EXERCISE OBJECTIVE — In this exercise, copy exactly the lines from the one that contains "Blanc Rouge 08-11 CBR1000RR Carénage Moto Blanc" through the end of the entries below; pictures are not copied.

:: EXCERPTED RECORDS ::

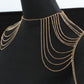 Jewelry Simple Handmade Exquisite Chain Arm Chain Bracelet Vintage Women's Tassel Chain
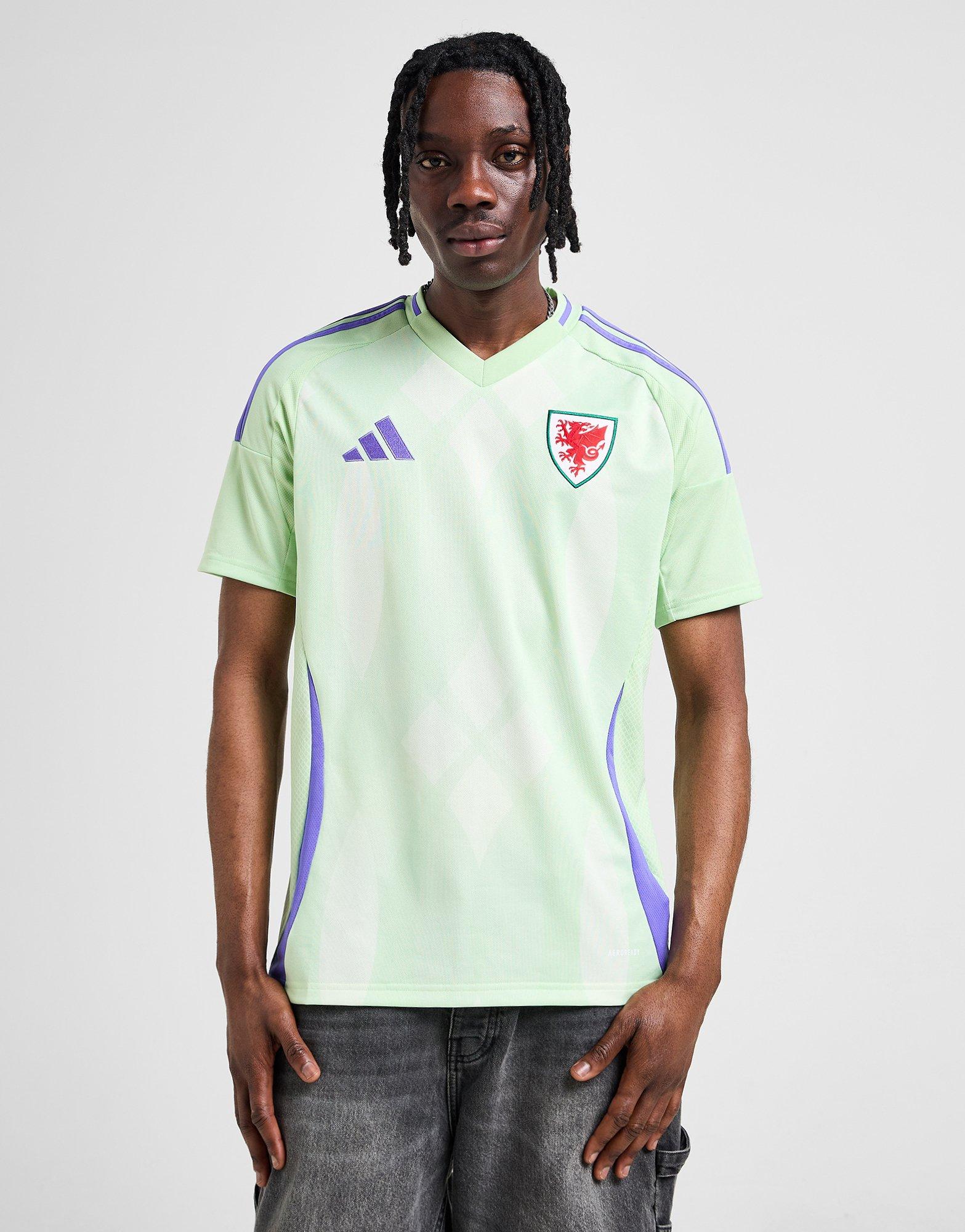 adidas Wales WEC 2025 Away Shirt
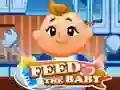 Игра Feed the Baby онлајн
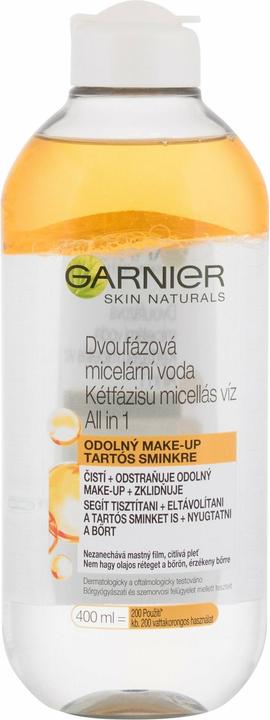 Garnier Skin Naturals Two-Phase Micellar Water All In One (Mizellenwasser, 400 ml)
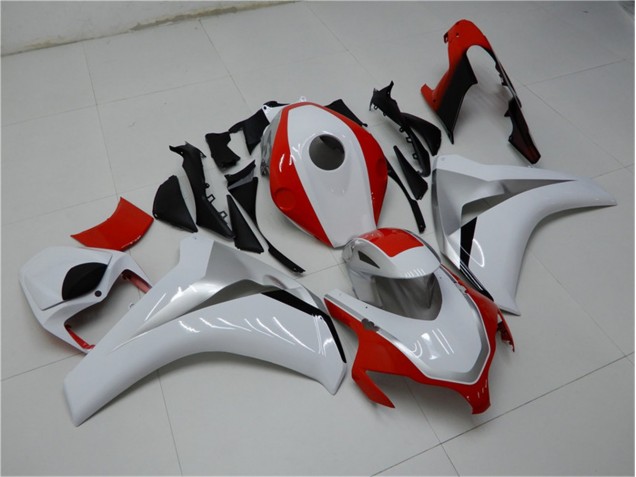 Blanc Rouge 08-11 CBR1000RR Carénage Moto Blanc Rouge 08-11 CBR1000RR Carénage Moto
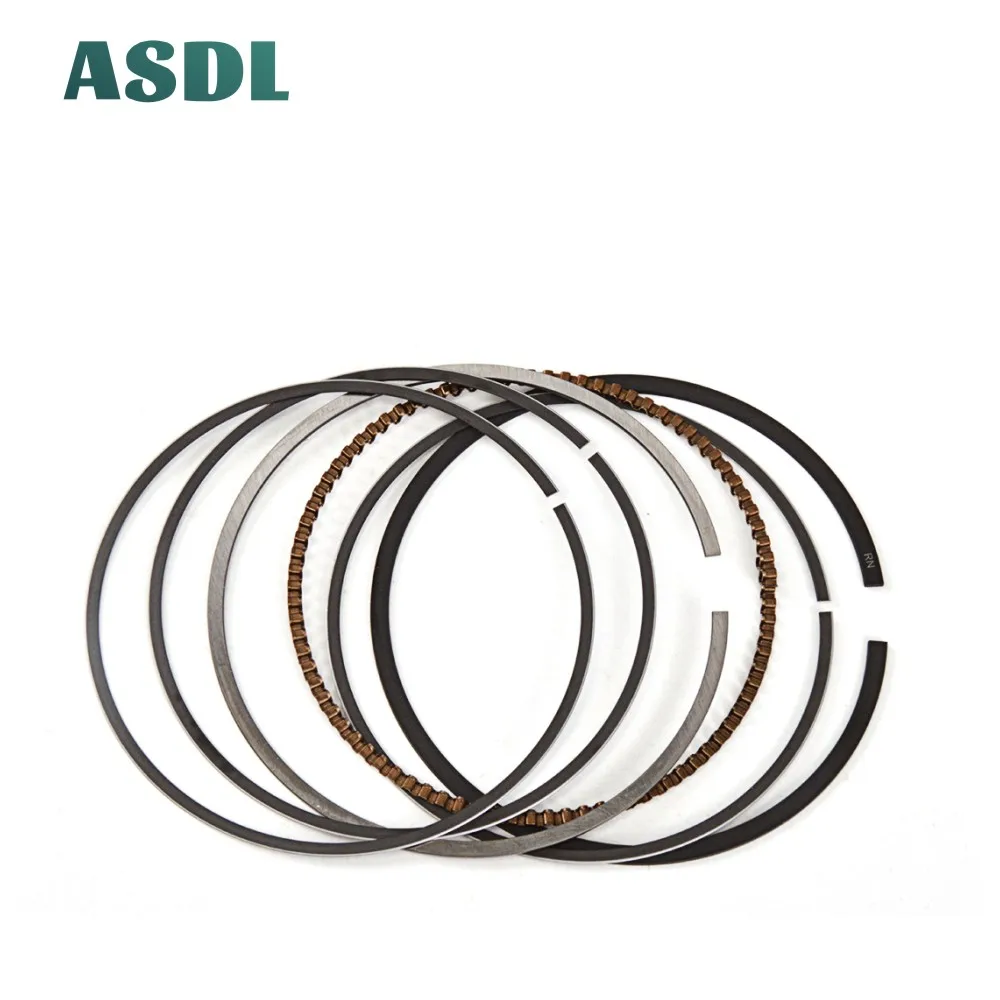 Ring 73mm STD~+ 100 Размер цилиндра 73 мм~ 74 мм комплект поршневых и поршневых колец для мотоцикла Yamaha TTR250 TT250R TTR 250 1999-2006# be - Цвет: Ring 73mm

:::

COMPLETED EXERCISE —
 Blanc Rouge 08-11 CBR1000RR Carénage Moto Blanc Rouge 08-11 CBR1000RR Carénage Moto
 Ring 73mm STD~+ 100 Размер цилиндра 73 мм~ 74 мм комплект поршневых и поршневых колец для мотоцикла Yamaha TTR250 TT250R TTR 250 1999-2006# be - Цвет: Ring 73mm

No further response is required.